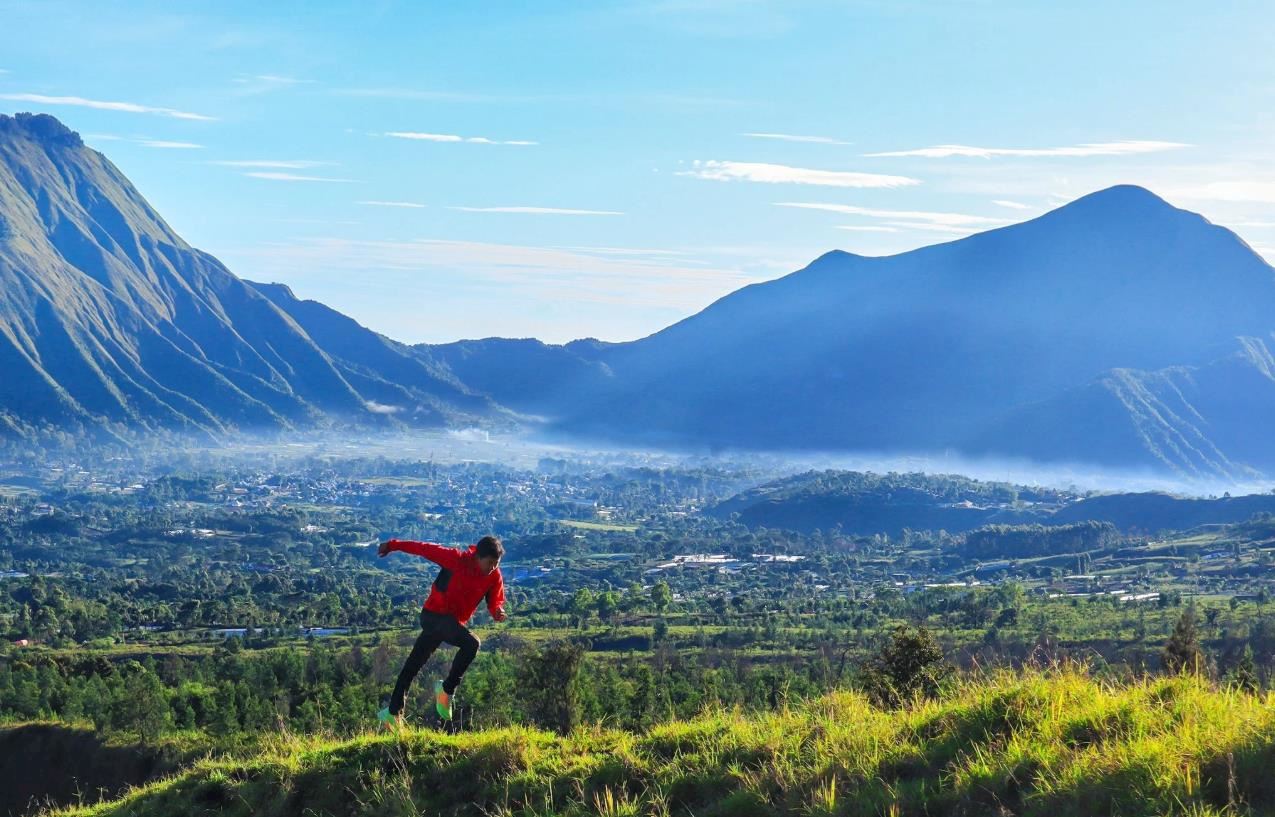 sembalun mountain marathon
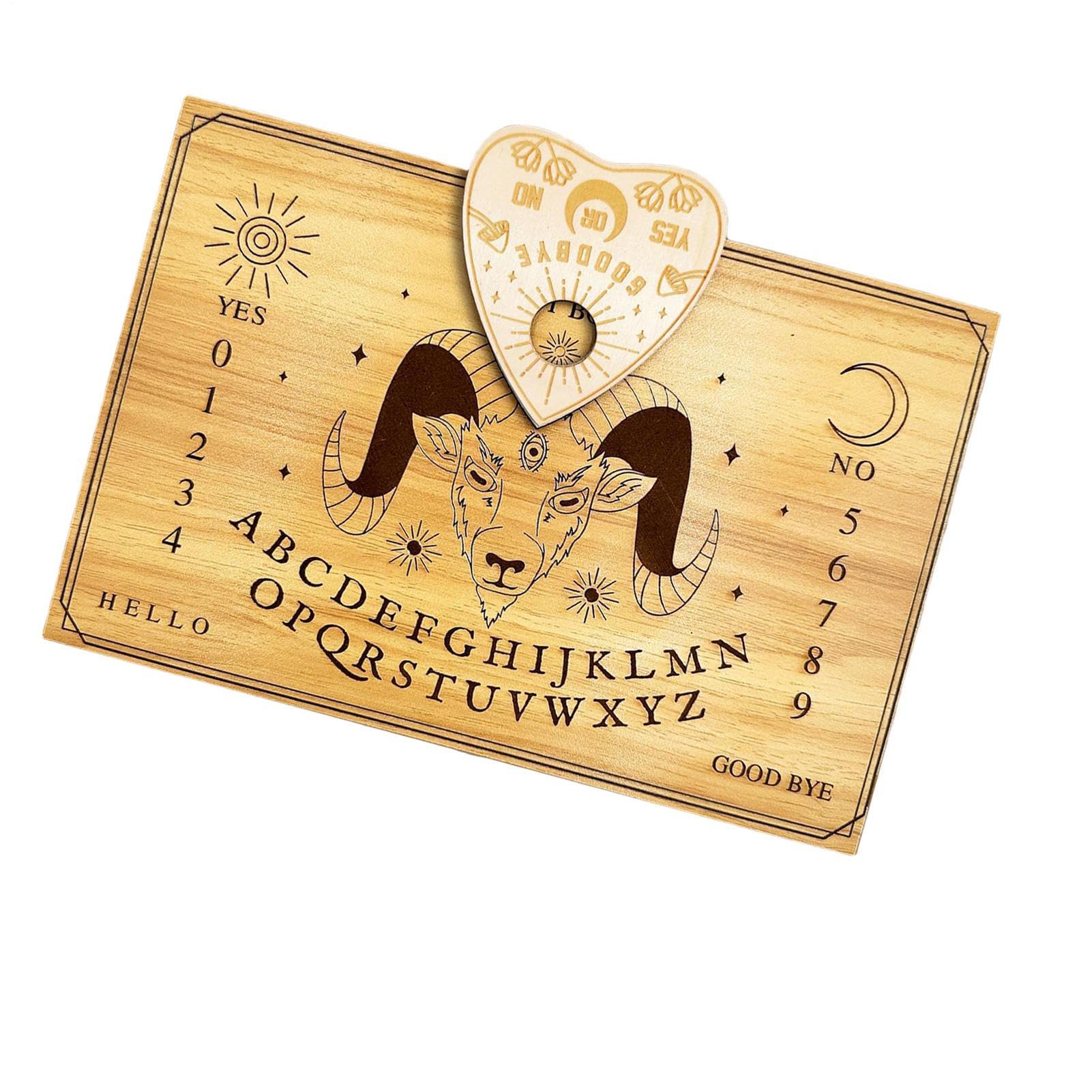 Decision Maker Board, Divination Decision Maker Dowsing, Spirit, for Yoga Room, Meditation, Store, Themed Parties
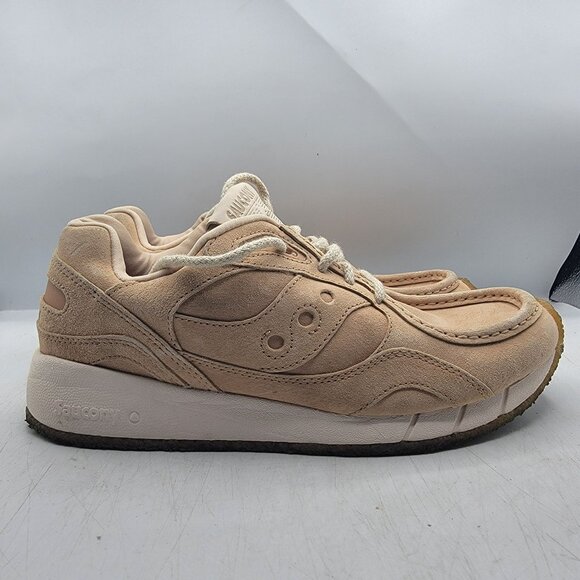 Saucony Originals Shadow 6000 Moc Toe Crepe Sand Men Rare Lifestyle S70706-1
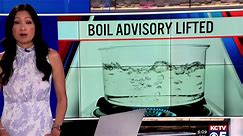 Weeklong boil advisory ends in Buckner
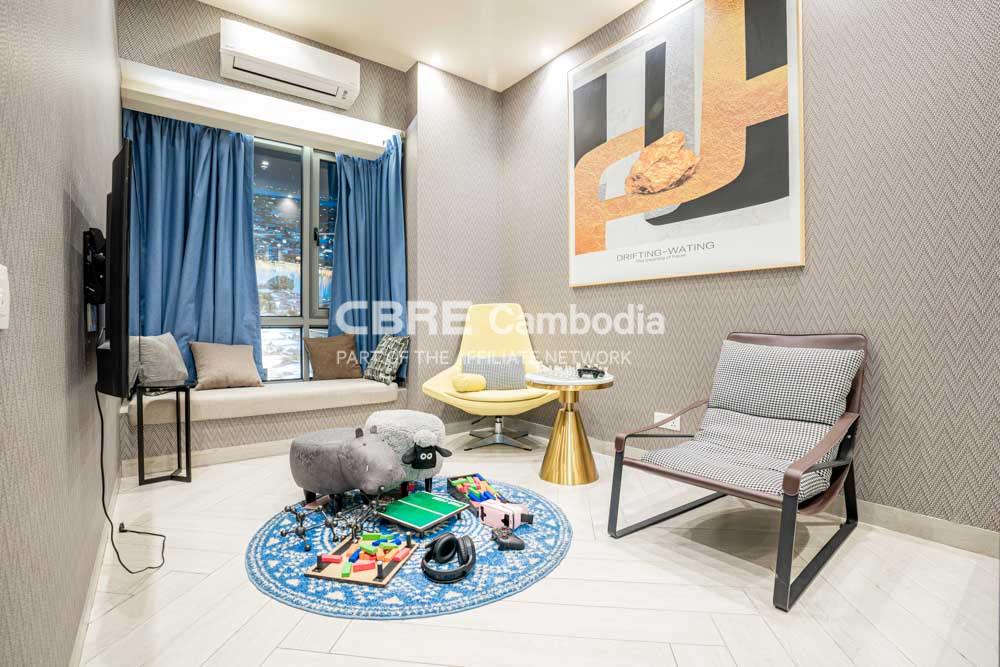 3 Bedroom Condo For Sale –  Urban Village Phase 2 | Hunsen Blvd | Phnom Penh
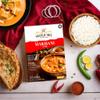 Sizzle Mix Makhni Curry Sauce with Basmati Rice Rich Indian Meal Combo - Butter-Style Curry Mix (300g, Serves 2) & Pure Basmati Rice Pouch (250g, 2-Min Ready) - Vegetarian-Friendly view 2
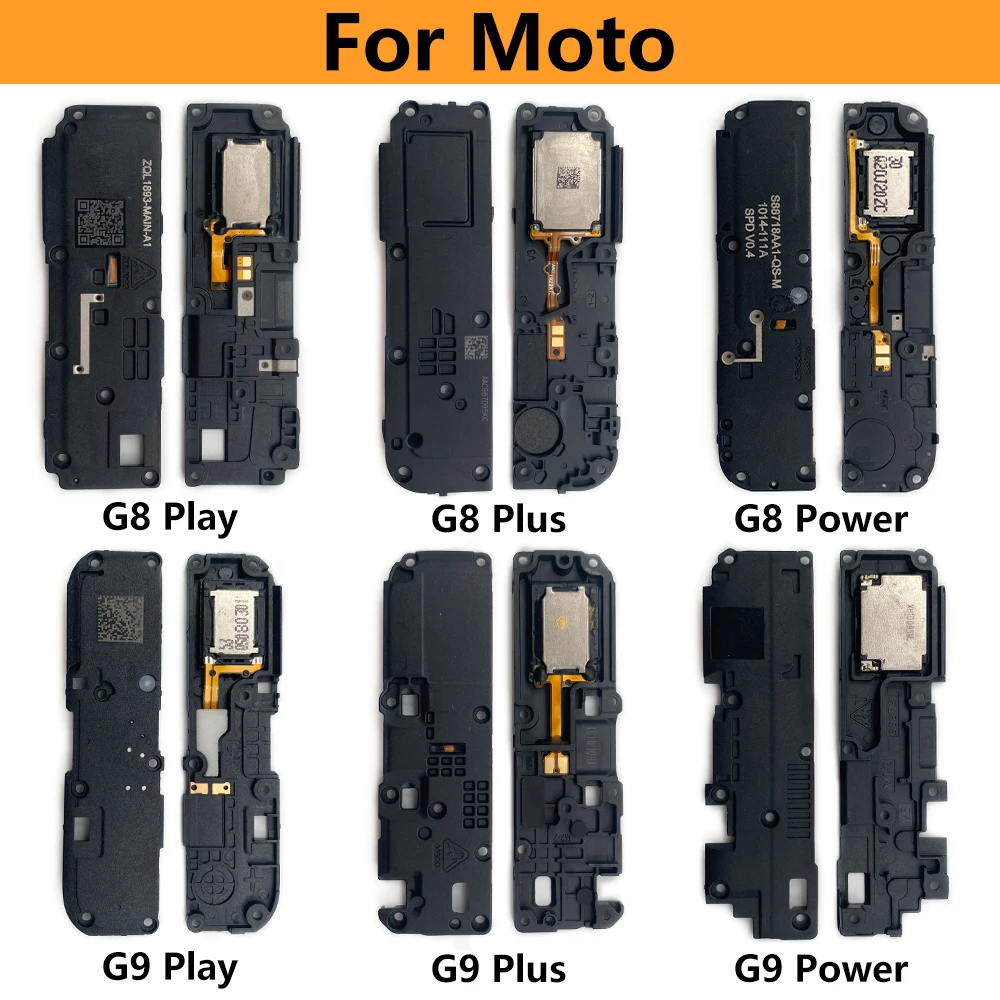 Loudspeaker Buzzer Ringer Flex Cable For Moto G10 G30 G100 G7 G8 Play P9 Plus G Power 2021 G Pro Stylus Loud Speaker Replacement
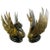 Brutalist Bronze Swan Statues, Mid-20th Century Pair on Black Base For Sale - Image 13 of 13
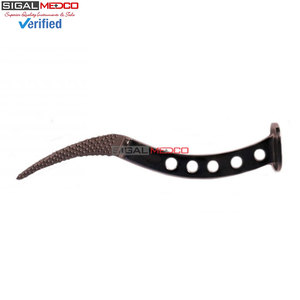 Broche fémorale chirurgicale orthopédique Richards Moore Rasp, tige étroite de taille personnalisable, Austin, approuvée CE, en acier, emballée en boîte carton - Product Image 5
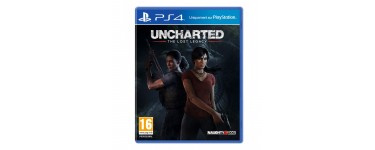 Cultura: Jeu Uncharted : The lost Legacy pour PS4 à 19,99€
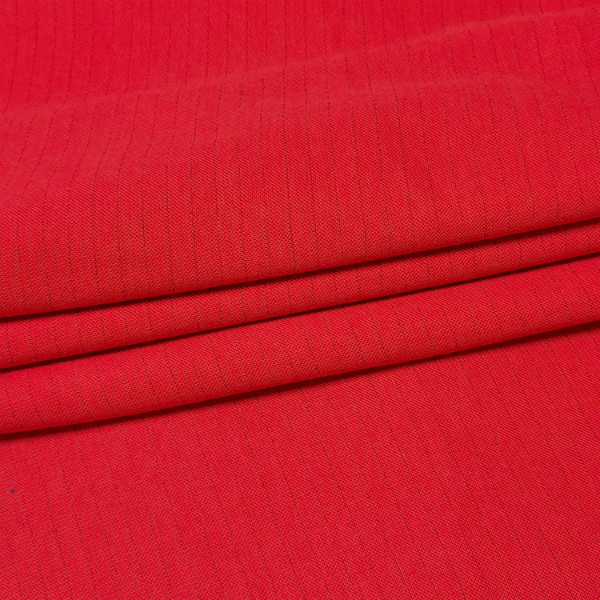 1cm Stripe 98% Cotton 2% Carbon Anti Static Fabric For Cleanroom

+-------+

- **Brief**
All entries, top to bottom, should be retyped exactly; the pictures should not be.

- **Answer**
 sembalun mountain marathon
 Decision Maker Board, Divination Decision Maker Dowsing, Spirit, for Yoga Room, Meditation, Store, Themed Parties
 Saucony Originals Shadow 6000 Moc Toe Crepe Sand Men Rare Lifestyle S70706-1
 Weeklong boil advisory ends in Buckner
 3 Bedroom Condo For Sale –  Urban Village Phase 2 | Hunsen Blvd | Phnom Penh
 Sizzle Mix Makhni Curry Sauce with Basmati Rice Rich Indian Meal Combo - Butter-Style Curry Mix (300g, Serves 2) & Pure Basmati Rice Pouch (250g, 2-Min Ready) - Vegetarian-Friendly view 2
 Loudspeaker Buzzer Ringer Flex Cable For Moto G10 G30 G100 G7 G8 Play P9 Plus G Power 2021 G Pro Stylus Loud Speaker Replacement
 Brutalist Bronze Swan Statues, Mid-20th Century Pair on Black Base For Sale - Image 13 of 13
 Broche fémorale chirurgicale orthopédique Richards Moore Rasp, tige étroite de taille personnalisable, Austin, approuvée CE, en acier, emballée en boîte carton - Product Image 5
 Cultura: Jeu Uncharted : The lost Legacy pour PS4 à 19,99€
 1cm Stripe 98% Cotton 2% Carbon Anti Static Fabric For Cleanroom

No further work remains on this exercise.